Long story short I am the proud owner of a commander. I have only fired 22 rounds through it and have had no failures with the Cor-Bons (165gr) and Remingtons (230) but did have another fte with some 230 ball (using the other mag. Isn't this the opposite of how it is supposed to be? I know nothing about a 1911 except I love the way they feel in my hand.
A friend of mine suggested that it could have something to do with the fact the ejection port is not lowered, flared (?) or something like that.
I don't have enough premium ammo for further testing. I saved enough 165's to keep a loaded gun and extra mag. Suggestions?

ArmoryDoc
01-08-2011, 01:39
It could be that mag. If all your failures can be attributed to that mag, get rid of it. Mark them so you'll know which is which. Use plenty of oil on the rails until about 500 rounds, then back off.

Teecher45
01-08-2011, 01:49
The second fte was with the other mag. He only had the two that come with it.

Harvick
01-08-2011, 06:12
I have one too.... the tension on the extractor is critical without a lowered ejection port. Check it.

1006
01-08-2011, 06:36
I am guessing ammo for now---Stick to what is working for the break in period and then venture on to other ammo. If the gun is new and tight it may need full power ammo to run until it loosens up.

woodrowNC
01-08-2011, 06:56
I'll try to make this as short as possible. Thursday my father called me and asked me to go to the range (we own a range on the farm) and see if the truck that just went by his house was a member. He didn't recognize the truck. I tucked away the G26 and headed down. Jump ahead, older member, new truck. As we got to talking I found out Santa brought him a new Colt Commander (that he had been carrying concealed since Christmas without firing) he starting complaining about it being too heavy/big for CC. His first shot failed to eject on mil surp 230 fmj. He is now spitting mad because of the bulk and the fte. He then finished the mag with no further problems. Then he says "I should have just got a 26". I had laid mine on the table while looking at the Colt.
Long story short I am the proud owner of a commander. I have only fired 22 rounds through it and have had no failures with the Cor-Bons (165gr) and Remingtons (230) but did have another fte with some 230 ball (using the other mag. Isn't this the opposite of how it is supposed to be? I know nothing about a 1911 except I love the way they feel in my hand.
A friend of mine suggested that it could have something to do with the fact the ejection port is not lowered, flared (?) or something like that.
I don't have enough premium ammo for further testing. I saved enough 165's to keep a loaded gun and extra mag. Suggestions?

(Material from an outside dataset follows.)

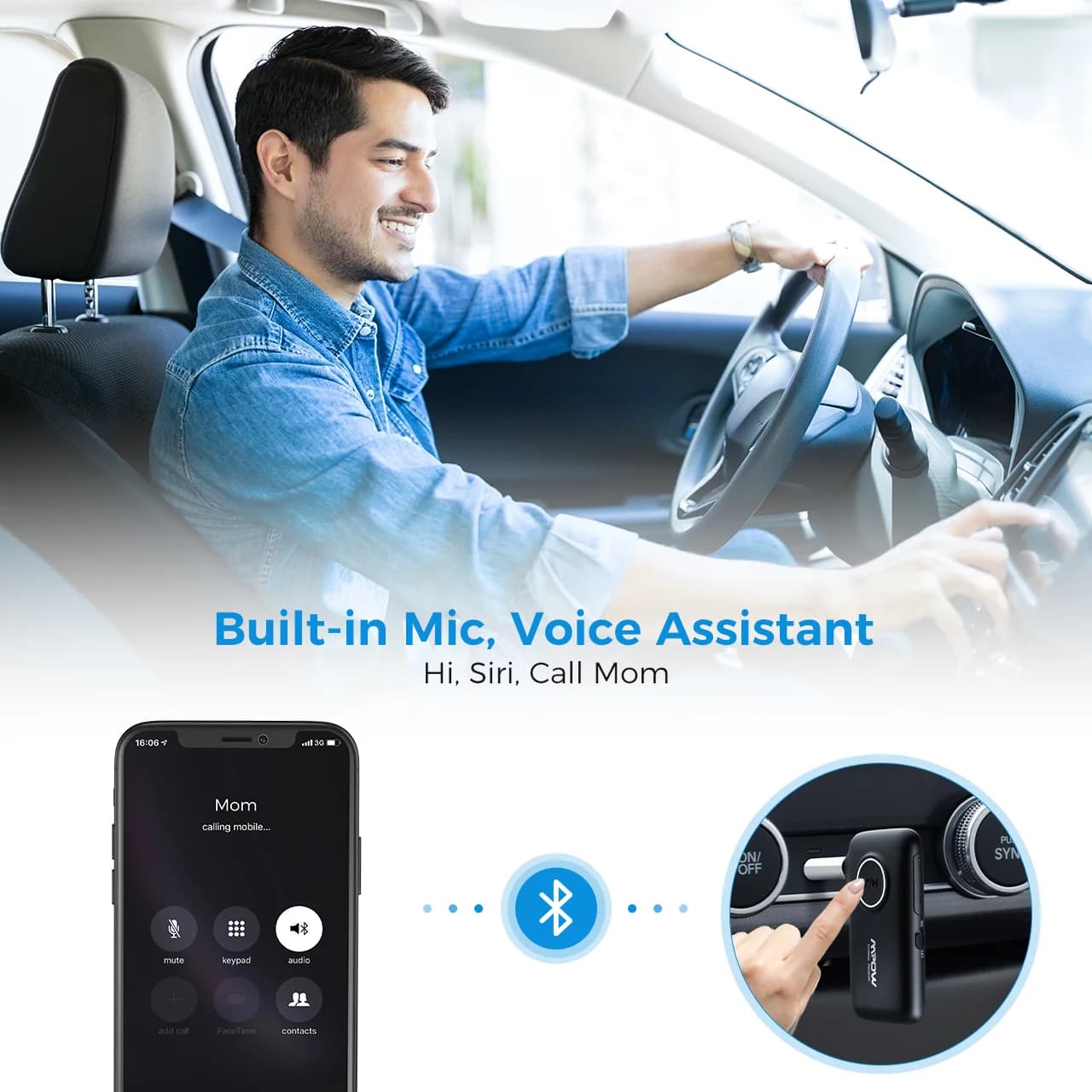 گیرنده بلوتوث خودرو Mpow با اتصال AUX و بلوتوث 5.0 | Mpow BH298A Bluetooth Aux Adapter — تصویر ۵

you are the big big winner. nothing like that ever happens to me. congrats.

Badger1911
01-08-2011, 07:52
Outstanding turn of fortune in your favor! The guys above have provided good advice...lubricate well and use heavier ammo to break her in. Congrats on your new acquisition!

timberwoof
01-08-2011, 09:03
Co-Worker has a Commander and complained about the FTE on the initial runs as well. He said for the first 100 rounds he was just using whatever he had around the house and thinks the majority were due to weak ammo. But after he's had for about 2 years and put probably more rounds through it than I have through my service weapon, he never complains about it. I see him carrying it all the time and he tells me he never leaves home without it, and even carries it as a back up while on duty. How he keeps that thing concealed in a shoulder holster under his uniform I don't know. You'd never know it was there either.

Jim S.
01-08-2011, 09:18
First thing I think is that Dad made a serious mistake carrying a gun that he has never fired before.
Second thing is that many 1911's need to be fired a bit before they loosen up and make everything smooth.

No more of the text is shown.